Noi, siamo ciò che possediamo

“Risucchiati dalla TV, sommersi di telefonini, danneggiati da onde elettromagnetiche. Ecco il nostro ritratto. Circondati dal superfluo, divenuto però utile e necessario per far parte di questa società, per stare in sintonia con gli altri e per non essere emarginati. Per non essere “diversi”.

Poveri coloro che non amano Gigi d’Agostino e il suo mitico repertorio, poveri coloro che non hanno la pettinatura alla moda, o i jeans che non sono né a “zampa” né a “palazzo”….. poveri coloro che non conoscono la dinamica dell’ultima vicenda amorosa di Beautiful. Poveri coloro che sono seduti ai margini, a guardare un sistema, anzi il Sistema, quello in cui l’economia è alla base di tutto, e dalla quale tutto dipende.

Che un bambino ridotto alle ossa non abbia più neanche la forza di mangiare, poco importa, l’importante è che ci siano le armi. Le armi per proteggere ricchezze, privilegi, sfruttamento…… e di colpo così anche l’ingiustizia è coperta, sicura. Intanto, mentre il gioco di denaro fra super potenze prosegue, e le armi continuano a sputare fuoco contro innocenti civili, i Media urlano, ci tormentano perché la voce di un padrone possa entrare anche nella più piccola e sperduta casetta …. Perché un’ideologia possa essere imposta e la figura del mito venerata. E mentre noi siamo qui ad ascoltare, a guardare i fantocci creati dal progresso, e a leggere i dati d’ascolto di questa o quell’altra trasmissione, controlliamo il mondo, tutto il resto del mondo.

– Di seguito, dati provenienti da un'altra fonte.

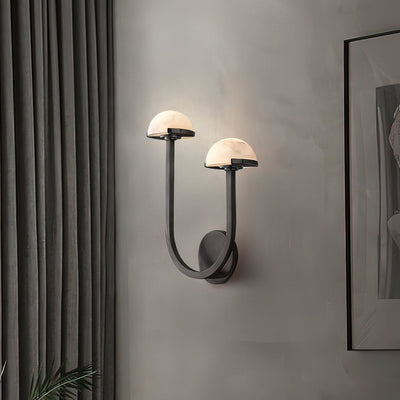 Mushroom Alabaster Wall Light – Elegant Natural Stone Design with Warm LED Glow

Si, perché siamo una parte di quel 20% di mondo che scandisce le sorti economiche della restante parte: l’80%. L’80% di vite.

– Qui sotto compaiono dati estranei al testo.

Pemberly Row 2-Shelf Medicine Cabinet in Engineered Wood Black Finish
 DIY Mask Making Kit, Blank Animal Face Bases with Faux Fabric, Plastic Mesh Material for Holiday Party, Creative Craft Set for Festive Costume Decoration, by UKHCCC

Nel 1938 un giornalista inglese chiese al Mahatma: “quando tu avrai ottenuto l’indipendenza economica dell’India, riuscirai a portarla sullo stesso piano economico dell’Inghilterra?” e Gandhi gli rispose: “Ragazzo mio, ma se ci sono volute per l’Inghilterra le risorse economiche di mezzo mondo per arrivare li dov’è arrivata, di quanti mondi avrà bisogno l’India per arrivare li dov’è arrivata l’Inghilterra…..”.

Ed è cosi che la costrizione al consumo è diventata tanto profonda quanto il bisogno di sopravvivere, perché il modello consumistico rivela che il nostro stesso scopo è quello di calcolare in termini di ciò che possediamo, noi “siamo” solo finché “possediamo”, così siamo posseduti da ciò che possediamo, prodotti dei nostri prodotti siamo fatti a immagine e somiglianza dei nostri stessi beni di consumo. L’idolatria esige da noi il più alto prezzo, siamo derubati della nostra stessa umanità”.

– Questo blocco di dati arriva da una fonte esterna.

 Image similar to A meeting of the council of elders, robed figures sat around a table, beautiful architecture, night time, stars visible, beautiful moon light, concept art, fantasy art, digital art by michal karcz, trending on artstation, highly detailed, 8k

Per realizzare un ritratto, come questo, c’è bisogno che l’artista stia al di là del soggetto da rappresentare, per poterlo osservare nella sua integrità …. bene, abbiamo appena cercato di rappresentarvi, seppur in modo alquanto stilizzato il punto di vista di un artista. 

Quello che rende grande quest’artista, quest’uomo, è che sta facendo di tutto “per logorare gli argini e sfondarli, e per poter inondare e dilagare deserti assetati”. Un uomo, un missionario, che, vive per dare speranza ai volti spenti dalla povertà e dalle malattie, vive per amare la gente, la sua gente, e dell’amore della gente, la sua gente, quella che lui stringe forte fra le sue braccia, quella che prima di morire di AIDS alza gli occhi al cielo per ringraziare Dio di farlo vicino ad un tesoro, vicino ad Alex Zanotelli.